┏━━

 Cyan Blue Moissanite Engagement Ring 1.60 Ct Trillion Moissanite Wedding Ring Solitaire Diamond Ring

┗━━
┏━━

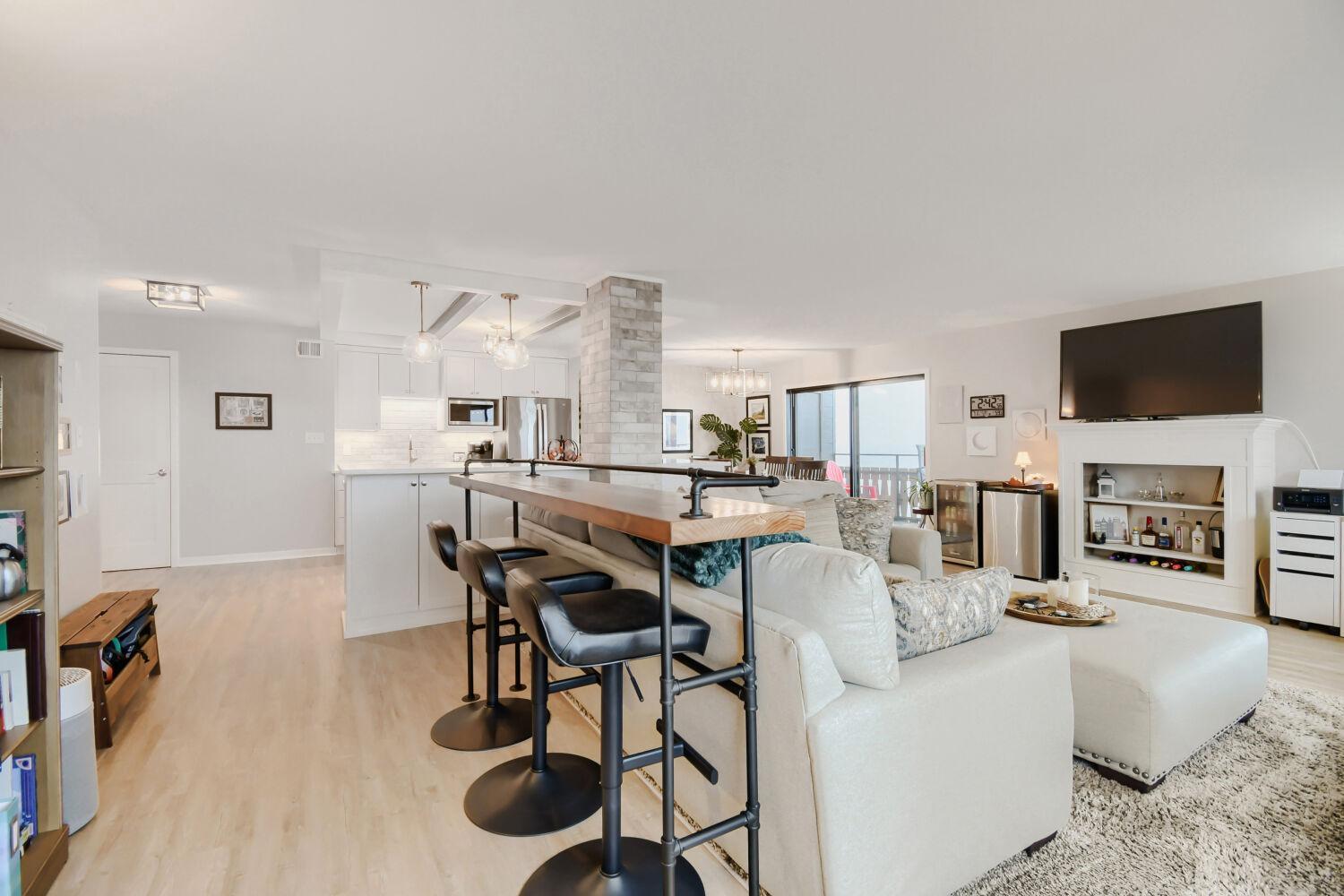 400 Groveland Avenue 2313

┗━━
┏━━

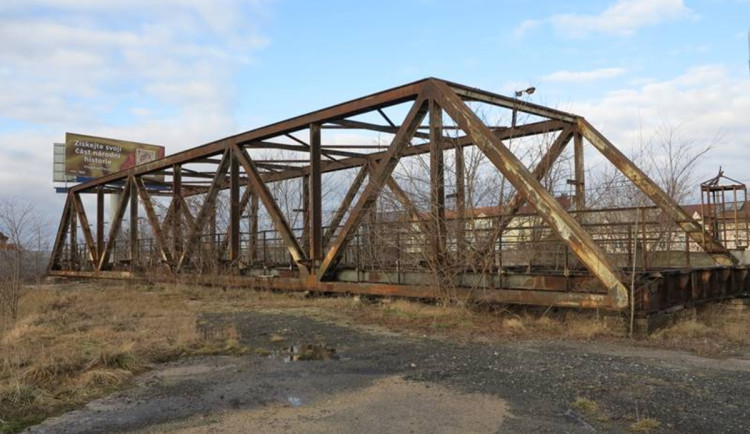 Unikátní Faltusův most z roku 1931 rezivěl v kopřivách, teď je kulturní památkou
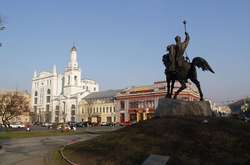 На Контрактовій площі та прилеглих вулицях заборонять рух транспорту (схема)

┗━━

__Your goal__
Set down again, exactly, every line above from the one with "Unikátní Faltusův most" down to the one with "На Контрактовій площі", both ends included. No pictures, and nothing else.

__Solution__
 Unikátní Faltusův most z roku 1931 rezivěl v kopřivách, teď je kulturní památkou
 На Контрактовій площі та прилеглих вулицях заборонять рух транспорту (схема)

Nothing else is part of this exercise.